Não pretendemos fazer qualquer juízo de valor sobre a decisão do artista, uma vez que, pelo menos ao que parece, ele se encontra lúcido e plenamente capaz de tomar suas decisões, de modo que resta somente a ele decidir autonomamente sobre os rumos de sua existência. O que pretendemos questionar é se existe mesmo um tempo em que a idade torna a vida tão insuportável que não nos é mais possível viver, senão com muita dor e sofrimento ou se podem existir maneiras de ressignificar o ato de envelhecer.
Nas sociedades do ‘espetáculo”, o envelhecimento está intimamente ligado à ideia de mortalidade, o que faz com que escrever, pensar ou falar sobre a morte seja visto pelos demais como desagradável. Em um mundo no qual o sujeito deve consumir, não se deve perder tempo pensando na própria finitude e, consequentemente, na responsabilidade pela construção de uma vida boa para si e no auxílio para o próximo.
Essa perniciosa relação que foi feita entre o processo de amadurecimento e a morte faz com que muitos idosos passem a representar seu próprio envelhecimento apenas na perspectiva das perdas que acontecem ao longo do caminho, ignorando aquilo que aprenderam com sua história e dos ganhos que o avançar da idade traz consigo.
De acordo com os filósofos Heidegger e Kierkegaard, a morte é parte da existência humana e, uma vez admitida essa certeza, o ser humano conseguirá alcançar uma vida mais plena pois, ao ser colocado frente à sua própria finitude, o sujeito tem condições de compreender sua responsabilidade na construção de si mesmo e no auxílio que deve aos demais. É de Heidegger a ideia de que o ser humano pensa na morte na perspectiva do “se”, quando deveria representá-la na perspectiva do ‘quando’.
Como não somos preparados para pensar em nossa própria extinção e no tempo limitado que temos para a realização de nossos objetivos, quando a idade começa a nos tirar vitalidade, disposição, forma física, beleza e saúde, podemos cair na tentação de pensar que a vida deixou de fazer sentido e que não vale mais a pena ser vivida.
No entanto, insistimos que ela vale, mesmo com as perdas e sofrimentos que o processo de amadurecimento traz consigo, pois a verdade é que não há uma única doutrina filosófica, psicológica, teleológica ou moral que não chegue a uma conclusão idêntica: o ser humano sofre!
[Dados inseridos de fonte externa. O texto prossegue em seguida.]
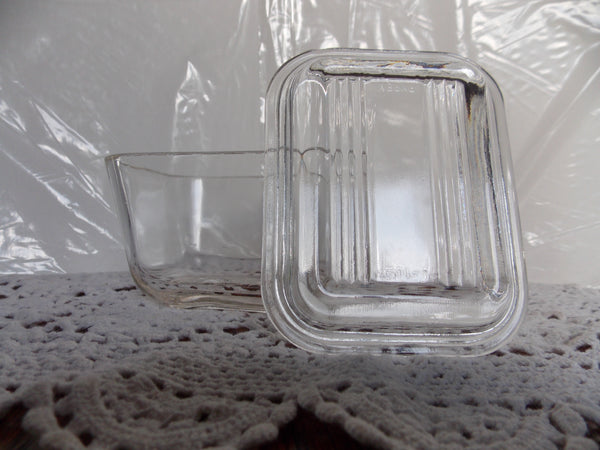 Pyrex Refrigerator Dish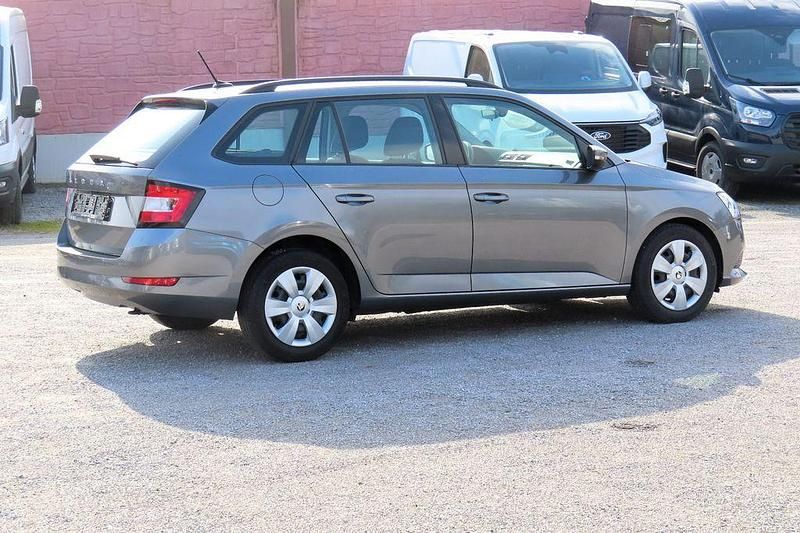 Gebraucht Skoda Fabia 95 PS (69 kW) 2022 Grau Kleinwagen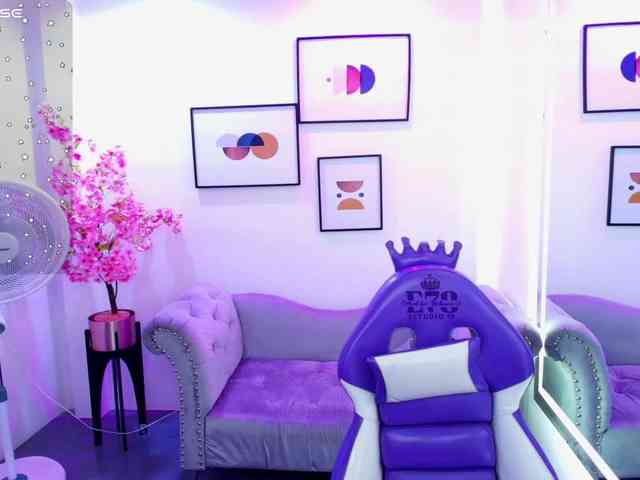 Rebecca-turner webcam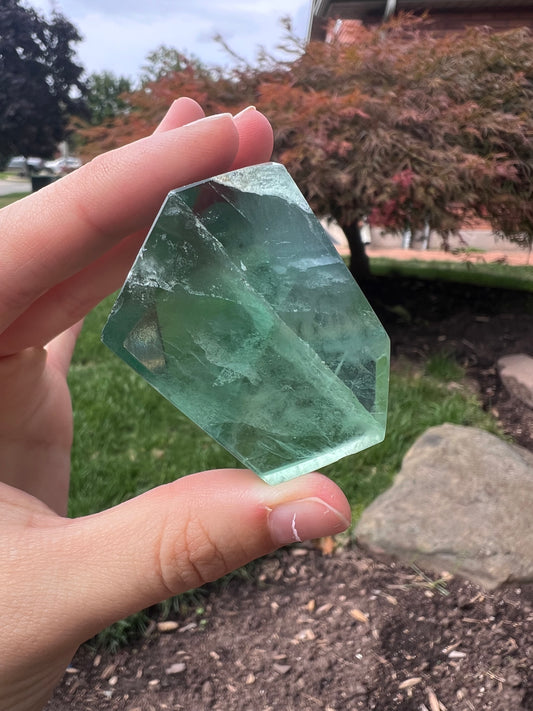 Fluorite gusher 16b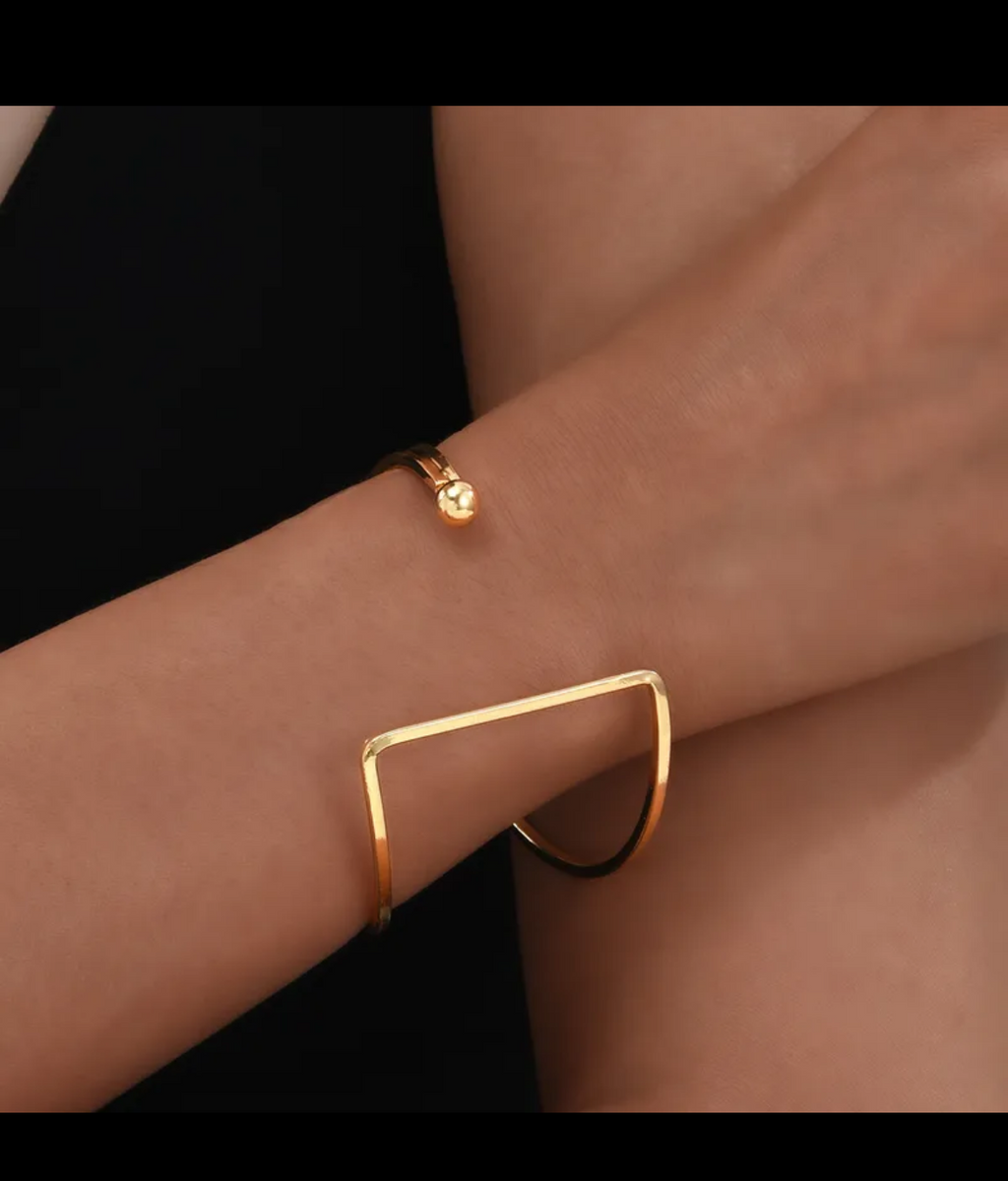 Arco Sculptural Gold Cuff Bracelet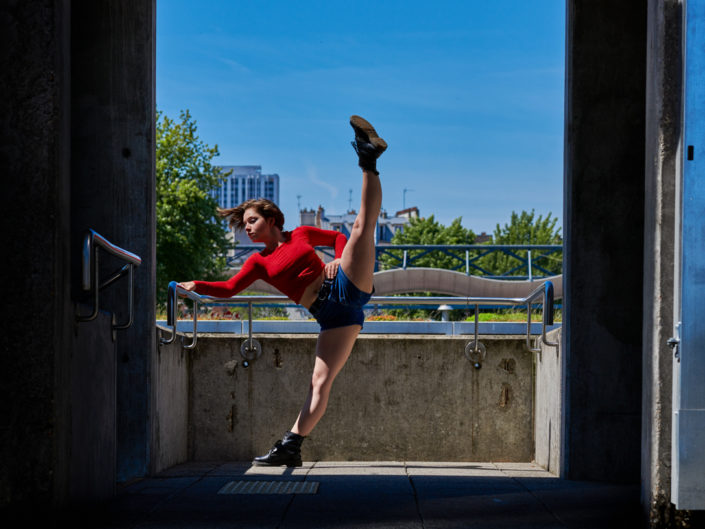 Danseuse contemporain en battement à la cité des sciences à paris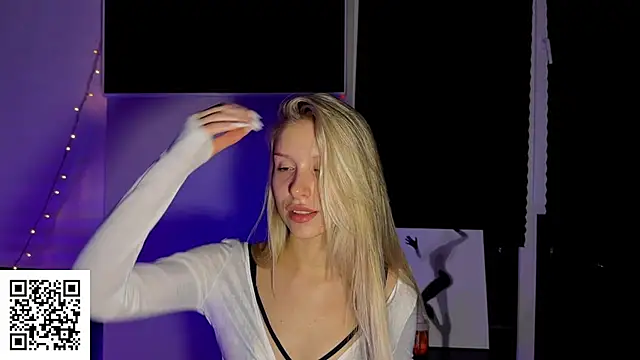 ElysiaXo online show from November 2025 11:21:02 PM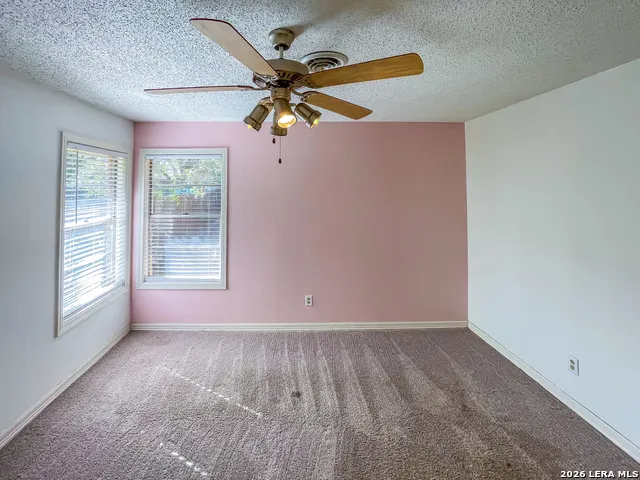 1404 E INEZ ST Beeville, TX 78102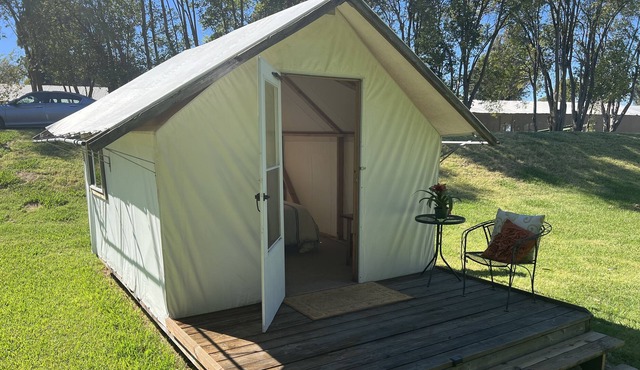 Meadow Cabana - King Bed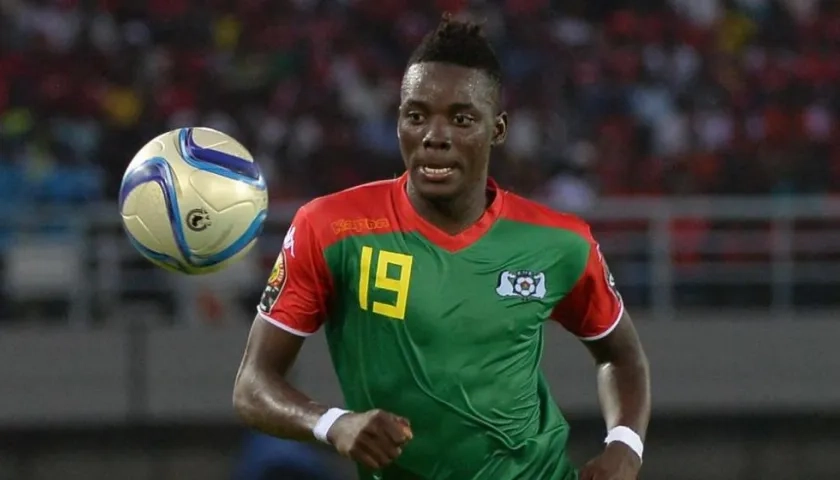 Bertrand Traore, jugador de Burkina Faso. 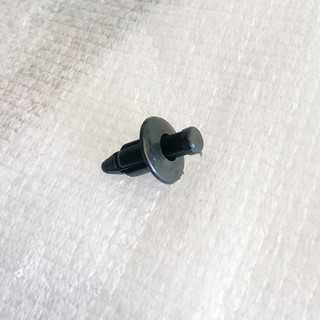 Ốc nhựa bấm dàn áo xe máy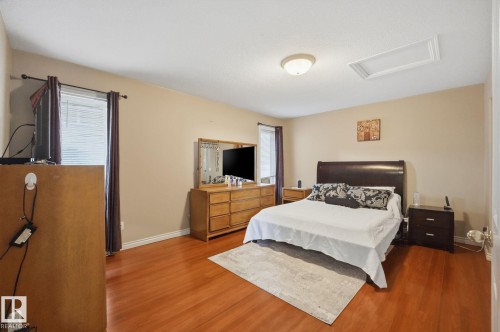 Wood-finish flooring, neutral wall paint, and a ceiling-mounted light fixture - 5132 157 Avenue Nw, Edmonton, AB 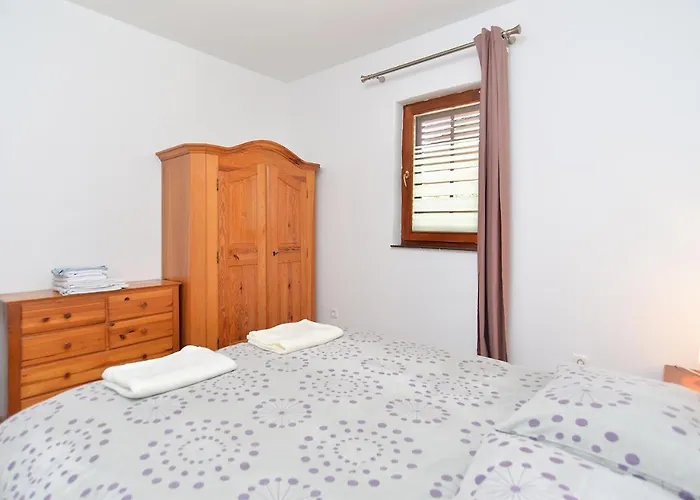 2155 Appartement Ližnjan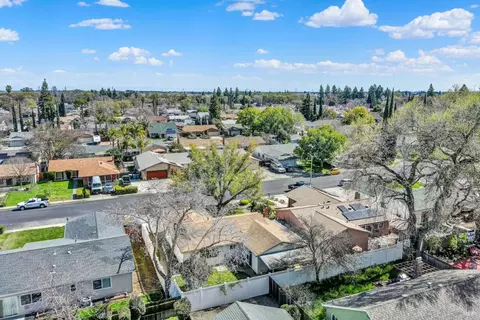 View/Area - 148 Edwin Dr, Vacaville, CA 95687 photo 6 of 6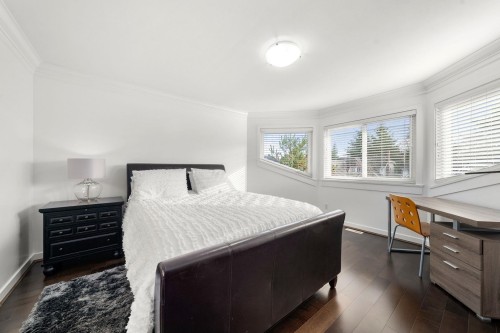 2733 Tempe Glen Drive, North Vancouver, BC 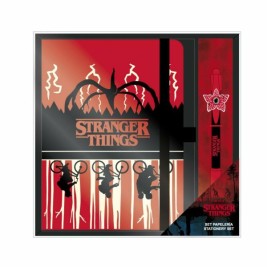 Канцеларски сет Stranger Things 390 g 2 Части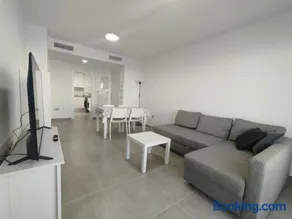 Velez Malaga 2 Dorm 4 Huésped Piscina Parking WiFi - Image 5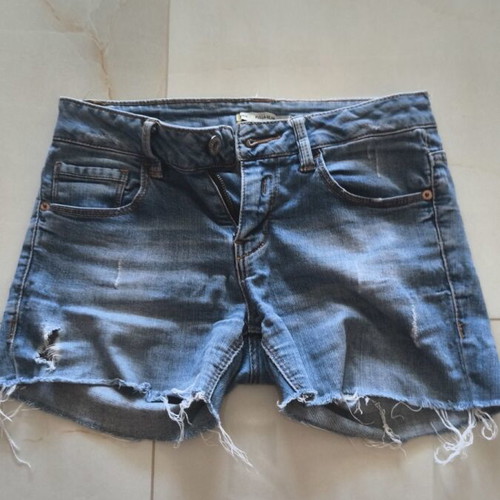 Pull & Bear denim shorts Small like new, blue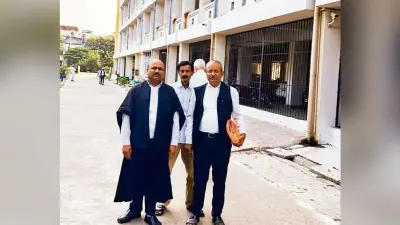 Gopalganj News : राजेंद्र नगर बस स्टैंड की फर्जी जमाबंदी में सीओ व राजस्व कर्मचारी की जमानत पर सुनवाई टली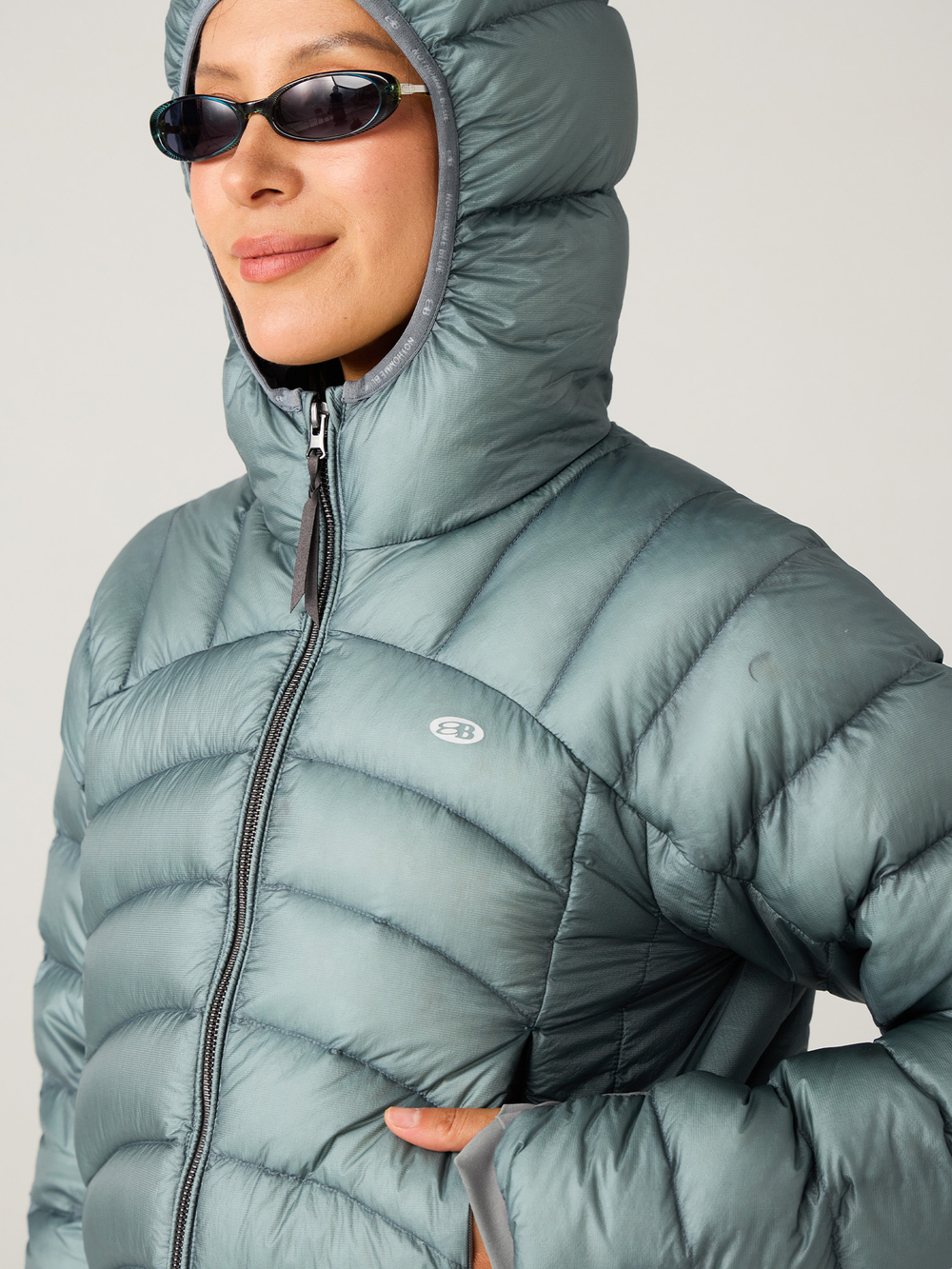 Пуховик Женский Hooded Insulated Down Jacket — 750 Fill Power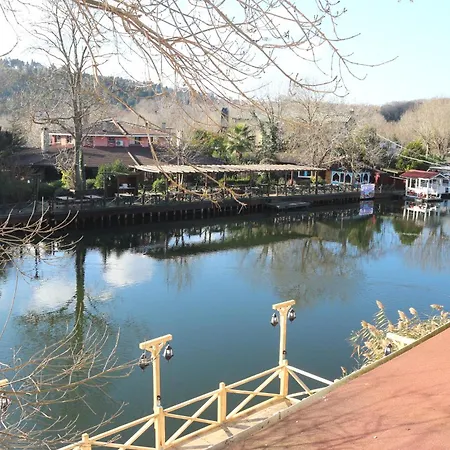 Karamazov Antik Hotel *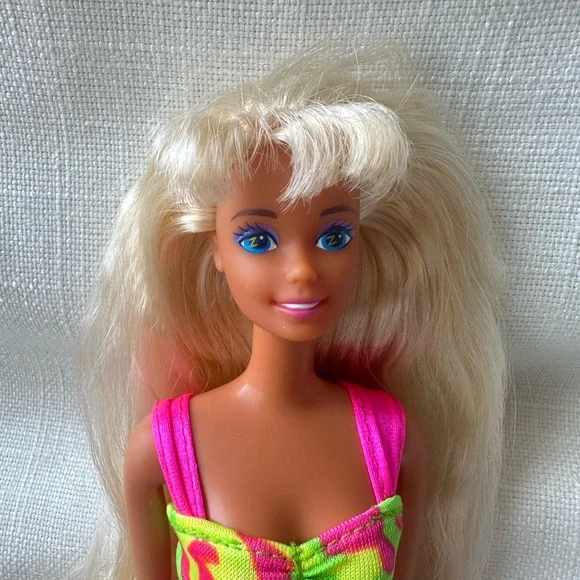 Hawaiian fun barbie - Picture 3 of 5
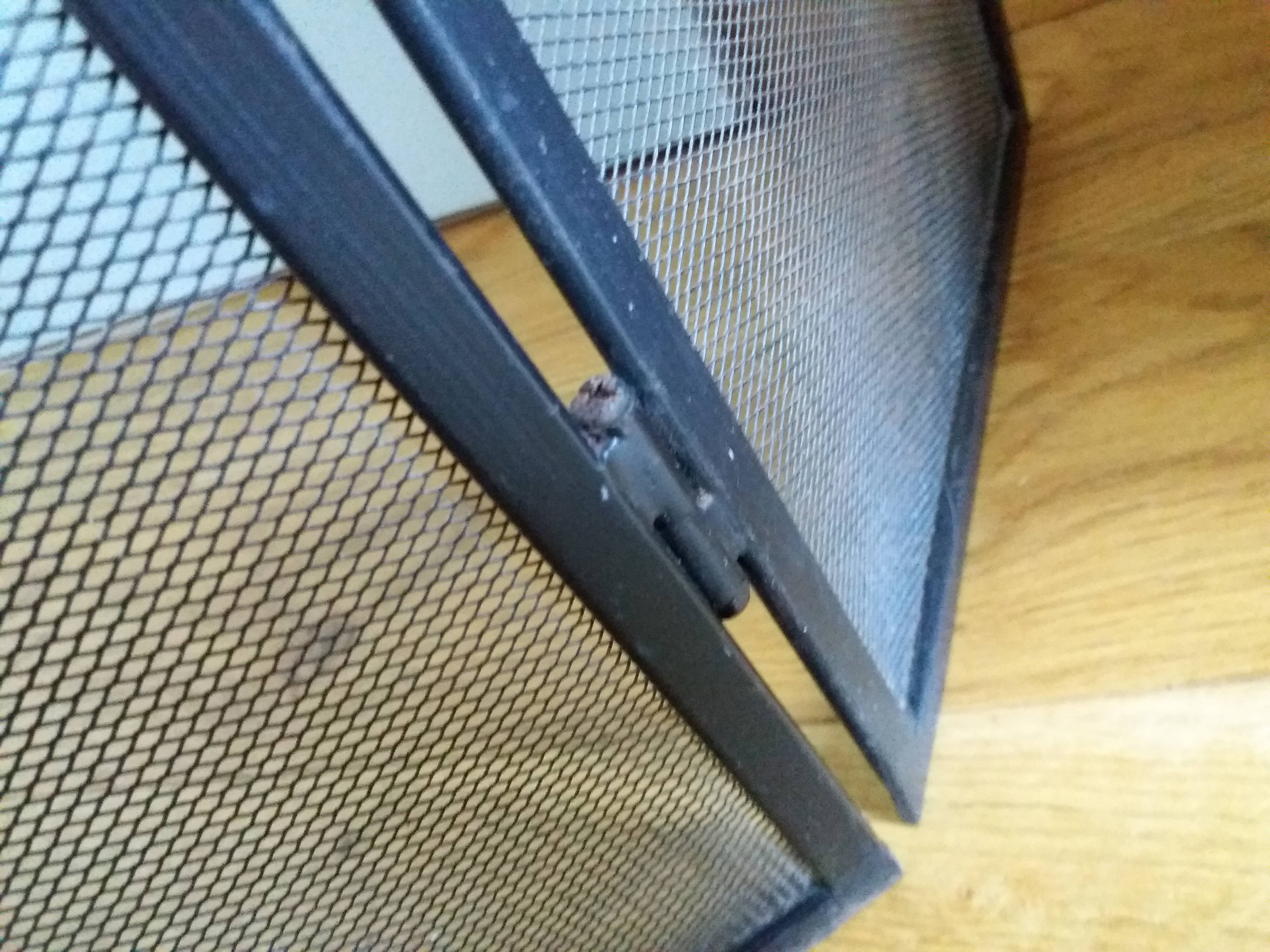 Fire screen chimney grille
Sofre em decorrência das vicissitudes próprias do fato de ter um corpo - dor, enfermidade, degeneração -; e das relativas à sua psique - tristeza, angústia, melancolia ou desamparo.
As perdas experimentadas no processo de envelhecimento – e elas são muitas – podem ser razão para nossa infelicidade, se nos apegamos demasiadamente a elas, ou podem ser uma espécie de libertação, na medida em que aprendemos que não precisamos nos encaixar a padrões que nunca nos caíram bem.
Nossas sociedades necessitam urgentemente ressignificar o ato de envelhecer, a fim de que, ao alcançarmos certa idade, não nos sintamos alijados da nossa própria existência e, consequentemente, tenhamos vontade de partir, ainda que antes da hora. Muitas vezes nossos velhos são abrigados em instituições de longa permanência (antigamente chamadas de asilo) ou confinados no quarto dos fundos da casa dos filhos, para que não perturbem os demais com suas rugas, suas histórias e, principalmente, com seu corpo frágil, a nos lembrar a todo instante que também somos fadados à extinção e que, portanto, temos tempo limitado para construir nossa trajetória nesse mundo.
Sobre a pergunta que abriu a coluna da semana: se há um tempo para partir ou se há um tempo em que a dor e o sofrimento ocasionados pelas perdas que acompanham o processo de envelhecer podem tornar a vida tão insuportável a ponto de acharmos que ela não vale mais a pena ser vivida, nós (in)felizmente não temos a resposta. Mas uma coisa podemos afirmar sem medo: gastar tempo pensando em nossa própria finitude, fazendo da ideia da morte uma conselheira sábia para a existência, bem como ressignificar o ato de envelhecer, podem ser importantes instrumentos a nos ajudar na manutenção do nosso prazer de estar vivo.